━━ Supplied data ━━

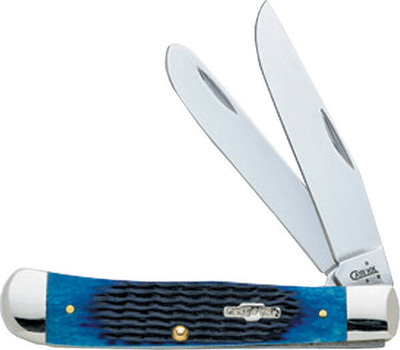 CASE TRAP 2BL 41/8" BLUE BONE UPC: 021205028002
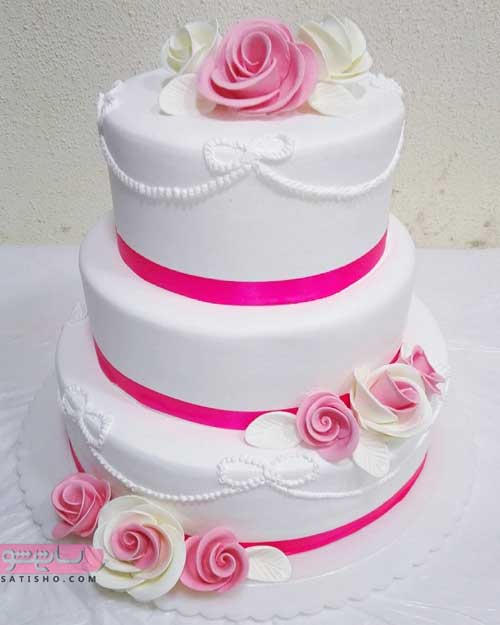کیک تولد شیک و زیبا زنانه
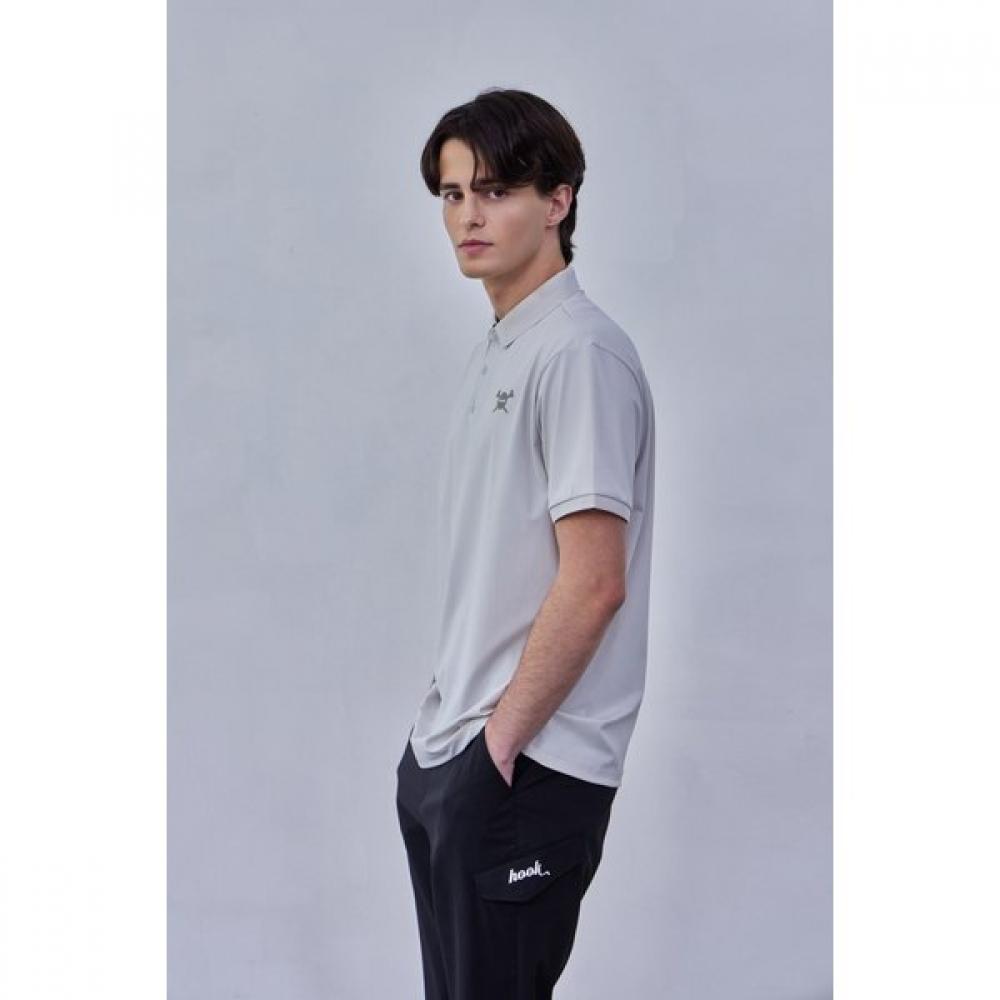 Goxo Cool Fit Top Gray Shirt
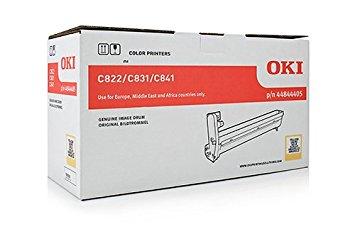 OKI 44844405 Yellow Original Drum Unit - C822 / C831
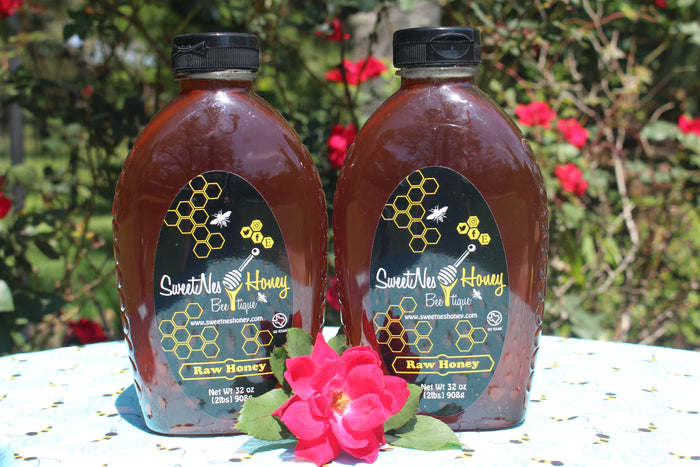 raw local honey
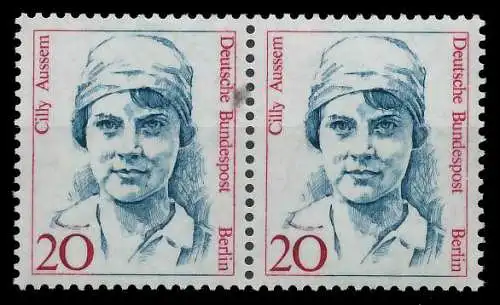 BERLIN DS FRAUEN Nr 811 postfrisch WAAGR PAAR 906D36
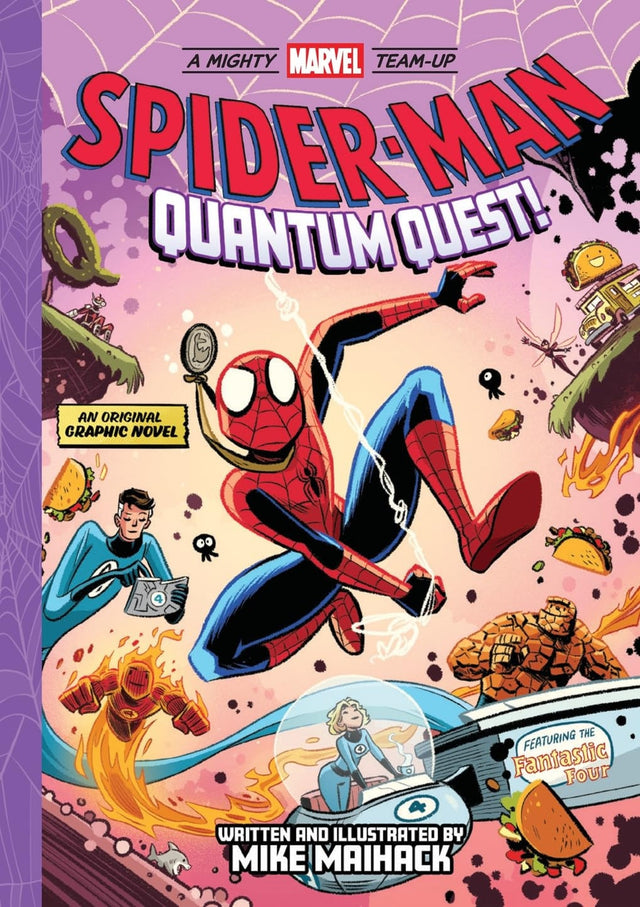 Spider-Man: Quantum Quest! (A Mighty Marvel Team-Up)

━━━
━━ Supplied data ━━

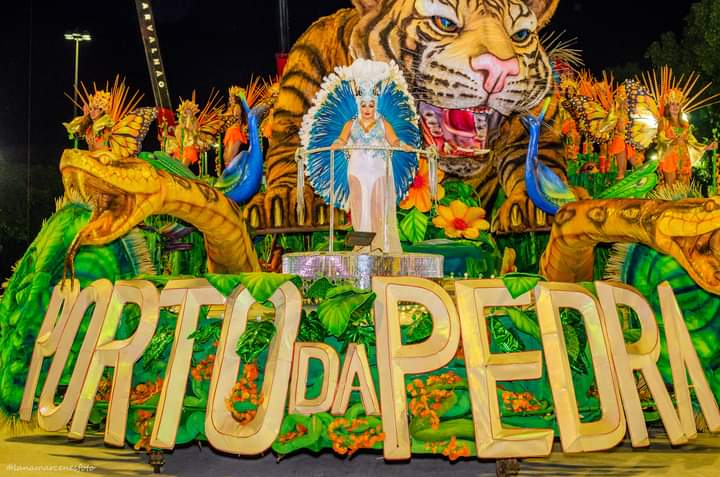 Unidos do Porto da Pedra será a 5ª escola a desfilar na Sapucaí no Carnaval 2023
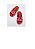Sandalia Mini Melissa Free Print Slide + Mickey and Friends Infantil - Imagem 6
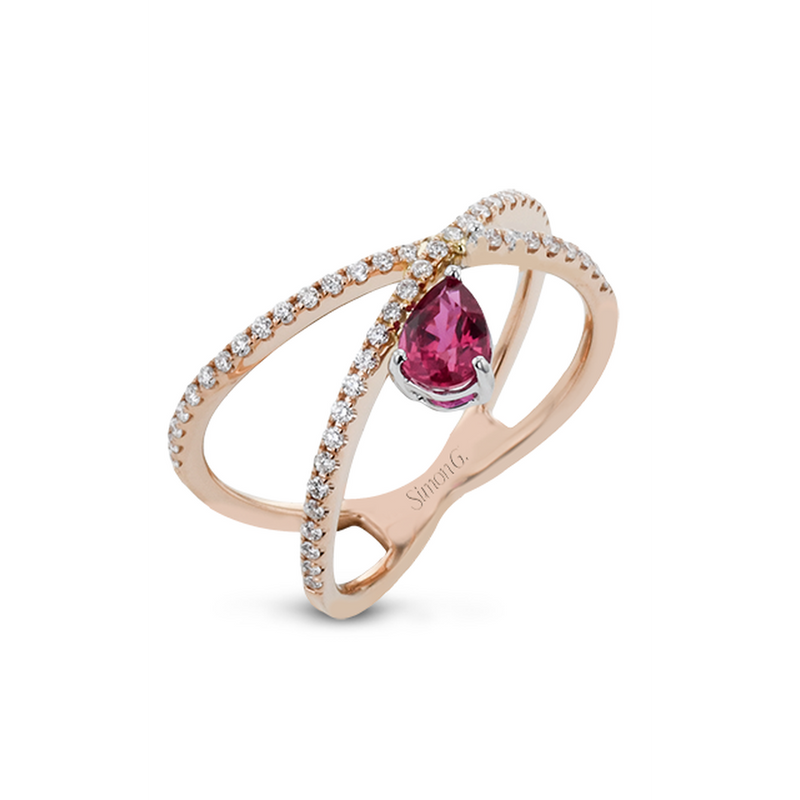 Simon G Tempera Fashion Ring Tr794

━━━
━━ Supplied data ━━

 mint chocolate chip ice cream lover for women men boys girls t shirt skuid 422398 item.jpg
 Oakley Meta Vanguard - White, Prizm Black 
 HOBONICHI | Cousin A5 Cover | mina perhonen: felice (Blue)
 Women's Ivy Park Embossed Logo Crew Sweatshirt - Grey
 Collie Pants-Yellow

━━━

■ Required work
Reproduce the entries exactly, from the line with "CASE TRAP 2BL" to the line with "Spider-Man: Quantum Quest!", both lines included, keeping no pictures.

■ Solution to this problem
 CASE TRAP 2BL 41/8" BLUE BONE UPC: 021205028002
کیک تولد شیک و زیبا زنانه
 Goxo Cool Fit Top Gray Shirt
 OKI 44844405 Yellow Original Drum Unit - C822 / C831
 raw local honey
 BERLIN DS FRAUEN Nr 811 postfrisch WAAGR PAAR 906D36
 Spider-Man: Quantum Quest! (A Mighty Marvel Team-Up)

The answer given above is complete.